How can I use data.table syntax to produce a data.table where each column contains the differences between the column of the original data.table and the next column?
Example: I have a data.table where each row is a group, and each column is surviving population after year 0, after year 1, 2, etc. Such as:
pop <- data.table(group_id = c(1, 2, 3),
N = c(4588L, 4589L, 4589L),
N_surv_1 = c(4213, 4243, 4264),
N_surv_2 = c(3703, 3766, 3820),
N_surv_3 = c(2953, 3054, 3159) )
# group_id N N_surv_1 N_surv_2 N_surv_3
# 1 4588 4213 3703 2953
# 2 4589 4243 3766 3054
# 3 4589 4264 3820 3159
(Data types differ because N is a true integer count and N_surv_1, etc. are projections that could be fractional.)
What I have done: using the base diff
and matrix transposition, we can:
diff <- data.table(t(diff(t(as.matrix(pop[,-1,with=FALSE])))))
setnames(diff, paste0("deaths_",1:ncol(diff)))
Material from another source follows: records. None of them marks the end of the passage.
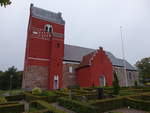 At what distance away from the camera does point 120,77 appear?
108ft

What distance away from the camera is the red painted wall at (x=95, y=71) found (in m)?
24.3

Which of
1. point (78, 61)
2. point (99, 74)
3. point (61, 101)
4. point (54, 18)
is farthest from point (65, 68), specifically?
point (61, 101)

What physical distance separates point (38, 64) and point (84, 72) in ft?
30.3

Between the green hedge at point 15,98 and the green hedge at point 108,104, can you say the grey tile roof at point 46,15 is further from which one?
the green hedge at point 108,104

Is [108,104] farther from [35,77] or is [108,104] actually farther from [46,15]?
[46,15]

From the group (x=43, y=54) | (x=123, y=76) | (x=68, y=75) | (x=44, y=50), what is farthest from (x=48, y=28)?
(x=123, y=76)

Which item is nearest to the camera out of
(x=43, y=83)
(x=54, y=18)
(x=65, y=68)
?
(x=43, y=83)

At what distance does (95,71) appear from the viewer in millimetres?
24938

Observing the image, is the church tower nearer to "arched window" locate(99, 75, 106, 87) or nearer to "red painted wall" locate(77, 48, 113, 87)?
"red painted wall" locate(77, 48, 113, 87)

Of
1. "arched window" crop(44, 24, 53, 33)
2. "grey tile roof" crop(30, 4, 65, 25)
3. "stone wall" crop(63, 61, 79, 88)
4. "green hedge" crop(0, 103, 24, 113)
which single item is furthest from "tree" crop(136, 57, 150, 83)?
"green hedge" crop(0, 103, 24, 113)

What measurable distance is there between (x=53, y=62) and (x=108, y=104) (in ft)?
52.8

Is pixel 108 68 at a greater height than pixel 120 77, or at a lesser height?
greater

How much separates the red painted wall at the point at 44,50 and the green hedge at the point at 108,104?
15.1 m

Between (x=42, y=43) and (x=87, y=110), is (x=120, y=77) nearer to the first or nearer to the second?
(x=42, y=43) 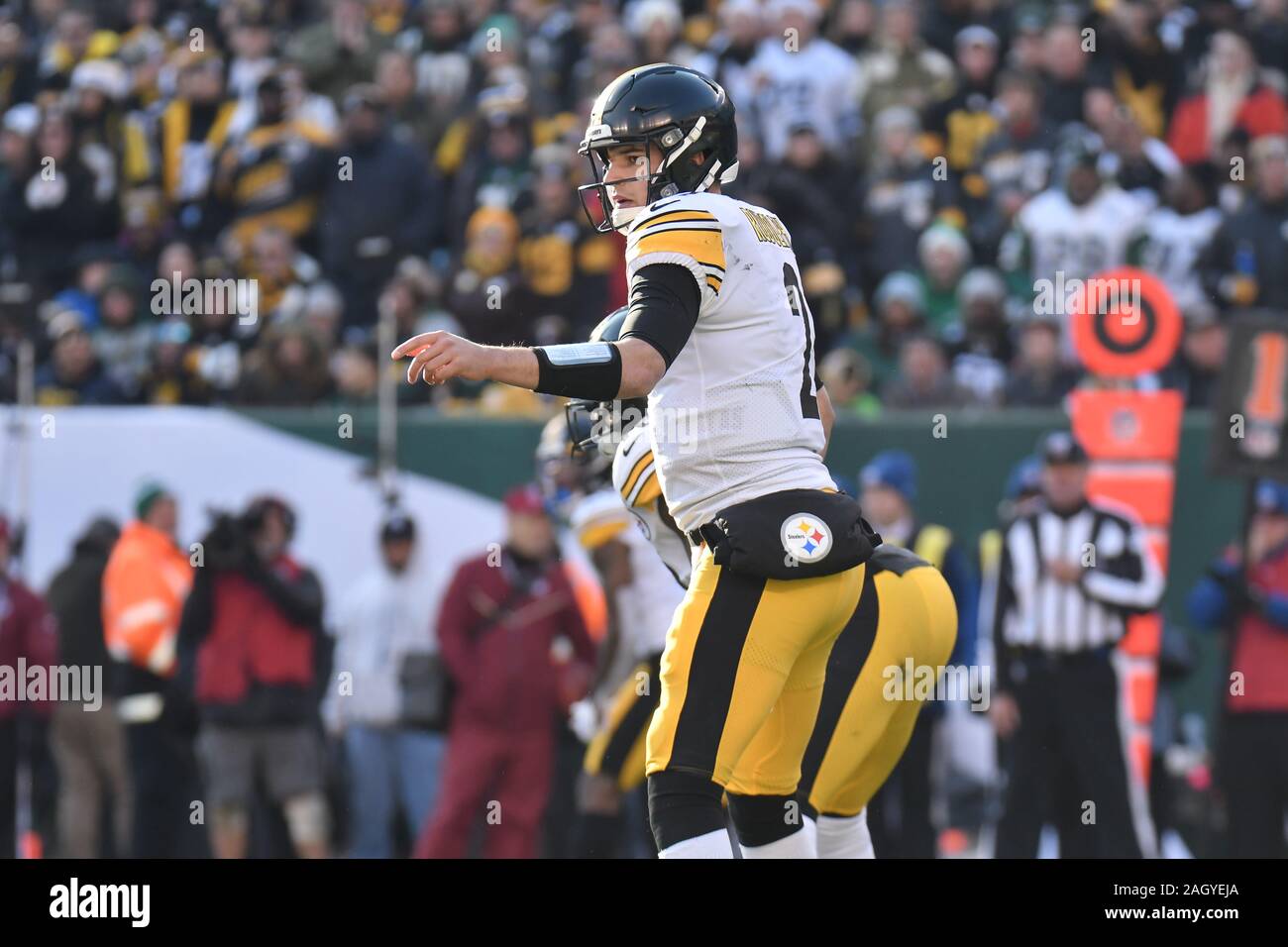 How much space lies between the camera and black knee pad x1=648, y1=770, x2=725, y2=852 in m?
4.94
cbind(group_id = pop[,group_id],diff)
# produces desired output:
# group_id deaths_1 deaths_2 deaths_3
# 1 -375 -510 -750
# 2 -346 -477 -712
# 3 -325 -444 -661
I know that I can use base diff
by group on a single column produced by melt.data.table
, so this works but ain't pretty:
melt(pop,
id.vars = "group_id"
)[order(group_id)][, setNames(as.list(diff(value)),
paste0("deaths_",1:(ncol(pop)-2)) ),
keyby = group_id]
Is that the most data.table-riffic way to do this, or is there a way to do it as a multi-column operation in data.table?